Requirement
Using the material below, work out how many lines contain "Funny". Only the number is wanted.

Provided data
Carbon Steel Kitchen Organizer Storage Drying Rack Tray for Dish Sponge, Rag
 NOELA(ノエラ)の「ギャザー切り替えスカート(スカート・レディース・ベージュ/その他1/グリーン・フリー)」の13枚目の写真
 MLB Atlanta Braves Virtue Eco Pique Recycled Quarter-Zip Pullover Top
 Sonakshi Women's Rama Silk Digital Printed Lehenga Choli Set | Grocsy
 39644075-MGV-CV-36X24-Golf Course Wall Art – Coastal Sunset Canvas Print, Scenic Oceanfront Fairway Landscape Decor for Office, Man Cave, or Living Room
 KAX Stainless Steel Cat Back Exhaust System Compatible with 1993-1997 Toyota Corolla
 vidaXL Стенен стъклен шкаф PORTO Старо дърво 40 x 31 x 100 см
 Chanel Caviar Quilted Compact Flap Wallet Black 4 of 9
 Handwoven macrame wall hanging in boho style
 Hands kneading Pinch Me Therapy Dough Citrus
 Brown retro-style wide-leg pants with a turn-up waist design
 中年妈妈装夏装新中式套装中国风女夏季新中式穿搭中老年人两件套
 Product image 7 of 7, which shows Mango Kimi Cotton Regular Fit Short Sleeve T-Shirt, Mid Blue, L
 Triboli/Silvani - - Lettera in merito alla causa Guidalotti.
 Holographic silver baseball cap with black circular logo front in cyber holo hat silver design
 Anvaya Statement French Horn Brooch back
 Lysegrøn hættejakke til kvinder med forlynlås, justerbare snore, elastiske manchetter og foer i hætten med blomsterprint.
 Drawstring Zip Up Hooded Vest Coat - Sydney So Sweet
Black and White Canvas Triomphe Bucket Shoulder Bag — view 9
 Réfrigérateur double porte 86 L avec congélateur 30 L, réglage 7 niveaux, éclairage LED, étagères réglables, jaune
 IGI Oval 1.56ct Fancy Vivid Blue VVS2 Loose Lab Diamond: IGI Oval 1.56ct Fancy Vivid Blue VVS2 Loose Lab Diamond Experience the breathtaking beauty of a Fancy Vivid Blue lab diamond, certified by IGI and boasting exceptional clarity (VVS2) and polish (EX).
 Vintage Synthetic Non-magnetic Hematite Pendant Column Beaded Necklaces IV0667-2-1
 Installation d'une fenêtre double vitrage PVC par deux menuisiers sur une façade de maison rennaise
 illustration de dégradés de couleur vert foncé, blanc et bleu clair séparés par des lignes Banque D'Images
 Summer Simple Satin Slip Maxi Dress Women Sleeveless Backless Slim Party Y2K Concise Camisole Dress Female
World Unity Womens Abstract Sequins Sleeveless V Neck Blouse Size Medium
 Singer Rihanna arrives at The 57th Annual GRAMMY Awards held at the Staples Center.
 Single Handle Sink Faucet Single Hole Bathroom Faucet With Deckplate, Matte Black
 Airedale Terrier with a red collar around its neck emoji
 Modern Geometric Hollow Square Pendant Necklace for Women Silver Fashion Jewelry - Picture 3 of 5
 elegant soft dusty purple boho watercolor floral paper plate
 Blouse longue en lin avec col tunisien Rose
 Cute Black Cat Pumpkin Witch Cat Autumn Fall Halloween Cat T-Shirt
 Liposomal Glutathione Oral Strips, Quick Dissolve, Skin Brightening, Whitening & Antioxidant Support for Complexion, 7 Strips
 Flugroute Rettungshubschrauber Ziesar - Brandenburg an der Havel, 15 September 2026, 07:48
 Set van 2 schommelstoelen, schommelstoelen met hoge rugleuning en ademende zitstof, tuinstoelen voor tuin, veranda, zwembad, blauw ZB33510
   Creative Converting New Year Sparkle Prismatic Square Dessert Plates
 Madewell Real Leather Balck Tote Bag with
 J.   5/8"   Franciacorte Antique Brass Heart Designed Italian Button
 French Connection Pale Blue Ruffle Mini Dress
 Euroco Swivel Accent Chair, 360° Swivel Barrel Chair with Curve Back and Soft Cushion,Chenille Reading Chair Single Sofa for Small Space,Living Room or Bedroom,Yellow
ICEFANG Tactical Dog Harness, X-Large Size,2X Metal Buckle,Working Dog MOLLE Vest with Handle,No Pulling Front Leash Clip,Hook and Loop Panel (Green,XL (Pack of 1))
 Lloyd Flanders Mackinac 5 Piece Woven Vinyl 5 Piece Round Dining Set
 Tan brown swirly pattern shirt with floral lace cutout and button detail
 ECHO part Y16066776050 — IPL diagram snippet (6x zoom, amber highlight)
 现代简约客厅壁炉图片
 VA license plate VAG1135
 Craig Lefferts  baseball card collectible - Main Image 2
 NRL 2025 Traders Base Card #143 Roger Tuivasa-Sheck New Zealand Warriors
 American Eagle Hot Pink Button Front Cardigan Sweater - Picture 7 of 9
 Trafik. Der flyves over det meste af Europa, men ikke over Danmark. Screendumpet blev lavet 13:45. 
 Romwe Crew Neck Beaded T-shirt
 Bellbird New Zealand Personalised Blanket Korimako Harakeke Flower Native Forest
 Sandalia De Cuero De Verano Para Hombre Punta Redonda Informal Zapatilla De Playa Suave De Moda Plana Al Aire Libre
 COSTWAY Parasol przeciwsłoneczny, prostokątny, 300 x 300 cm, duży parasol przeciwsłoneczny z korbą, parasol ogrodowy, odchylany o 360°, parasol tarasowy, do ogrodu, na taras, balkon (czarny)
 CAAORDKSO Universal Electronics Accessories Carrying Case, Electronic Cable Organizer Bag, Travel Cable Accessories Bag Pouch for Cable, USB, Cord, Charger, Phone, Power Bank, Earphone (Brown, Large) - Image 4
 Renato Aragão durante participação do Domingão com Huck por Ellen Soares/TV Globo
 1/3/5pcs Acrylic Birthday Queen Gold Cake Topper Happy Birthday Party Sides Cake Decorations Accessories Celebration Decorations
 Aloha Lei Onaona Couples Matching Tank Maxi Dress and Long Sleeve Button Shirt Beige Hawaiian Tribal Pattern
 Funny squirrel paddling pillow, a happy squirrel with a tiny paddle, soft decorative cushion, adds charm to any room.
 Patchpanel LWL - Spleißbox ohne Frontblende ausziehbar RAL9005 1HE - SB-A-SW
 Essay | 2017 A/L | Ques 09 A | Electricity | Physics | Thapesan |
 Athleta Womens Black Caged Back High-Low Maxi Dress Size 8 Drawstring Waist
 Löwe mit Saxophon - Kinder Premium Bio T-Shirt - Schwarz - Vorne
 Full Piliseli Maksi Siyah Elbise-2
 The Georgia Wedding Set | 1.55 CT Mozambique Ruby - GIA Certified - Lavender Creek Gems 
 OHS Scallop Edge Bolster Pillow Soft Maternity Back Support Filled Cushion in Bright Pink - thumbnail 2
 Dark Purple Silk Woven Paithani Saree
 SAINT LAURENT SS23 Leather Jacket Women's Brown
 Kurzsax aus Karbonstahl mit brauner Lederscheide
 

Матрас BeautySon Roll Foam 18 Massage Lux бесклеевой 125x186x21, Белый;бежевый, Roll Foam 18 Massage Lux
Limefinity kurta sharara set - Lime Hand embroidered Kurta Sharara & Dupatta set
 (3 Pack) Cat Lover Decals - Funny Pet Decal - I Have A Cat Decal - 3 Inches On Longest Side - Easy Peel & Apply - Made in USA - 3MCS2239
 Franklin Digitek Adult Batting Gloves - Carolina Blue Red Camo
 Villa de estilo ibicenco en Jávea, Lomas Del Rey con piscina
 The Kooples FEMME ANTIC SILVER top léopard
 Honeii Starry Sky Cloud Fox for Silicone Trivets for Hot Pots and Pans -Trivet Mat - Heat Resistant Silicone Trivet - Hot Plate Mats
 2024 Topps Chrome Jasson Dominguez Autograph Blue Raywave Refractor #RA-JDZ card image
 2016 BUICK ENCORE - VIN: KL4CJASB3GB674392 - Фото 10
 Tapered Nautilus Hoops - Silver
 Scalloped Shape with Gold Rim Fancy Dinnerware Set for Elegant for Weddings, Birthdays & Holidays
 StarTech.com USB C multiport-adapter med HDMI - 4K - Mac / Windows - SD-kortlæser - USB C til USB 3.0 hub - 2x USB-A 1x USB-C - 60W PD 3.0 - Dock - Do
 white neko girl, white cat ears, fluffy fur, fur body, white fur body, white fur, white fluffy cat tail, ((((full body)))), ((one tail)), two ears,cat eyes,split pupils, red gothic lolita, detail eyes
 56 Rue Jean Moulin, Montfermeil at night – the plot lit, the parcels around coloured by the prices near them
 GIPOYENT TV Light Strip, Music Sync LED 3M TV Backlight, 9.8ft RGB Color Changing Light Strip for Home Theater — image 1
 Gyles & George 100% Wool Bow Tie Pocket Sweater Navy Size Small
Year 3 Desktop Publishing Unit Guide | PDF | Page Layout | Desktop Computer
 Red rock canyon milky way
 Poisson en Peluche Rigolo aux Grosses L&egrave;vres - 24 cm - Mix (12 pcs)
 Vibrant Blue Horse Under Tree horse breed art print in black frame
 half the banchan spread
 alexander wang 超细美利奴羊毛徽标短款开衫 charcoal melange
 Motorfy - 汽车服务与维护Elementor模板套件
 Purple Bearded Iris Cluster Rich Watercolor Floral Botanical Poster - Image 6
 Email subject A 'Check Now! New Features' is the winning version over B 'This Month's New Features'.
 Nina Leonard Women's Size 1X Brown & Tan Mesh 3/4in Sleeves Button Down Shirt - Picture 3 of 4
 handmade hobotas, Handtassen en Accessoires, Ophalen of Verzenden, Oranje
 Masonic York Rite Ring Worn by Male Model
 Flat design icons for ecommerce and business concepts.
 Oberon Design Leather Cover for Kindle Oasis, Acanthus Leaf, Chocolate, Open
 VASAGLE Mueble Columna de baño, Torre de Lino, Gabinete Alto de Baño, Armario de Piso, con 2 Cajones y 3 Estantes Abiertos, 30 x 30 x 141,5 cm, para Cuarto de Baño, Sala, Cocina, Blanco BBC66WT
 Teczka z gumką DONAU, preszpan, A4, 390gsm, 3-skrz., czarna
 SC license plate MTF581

Output of the exercise
2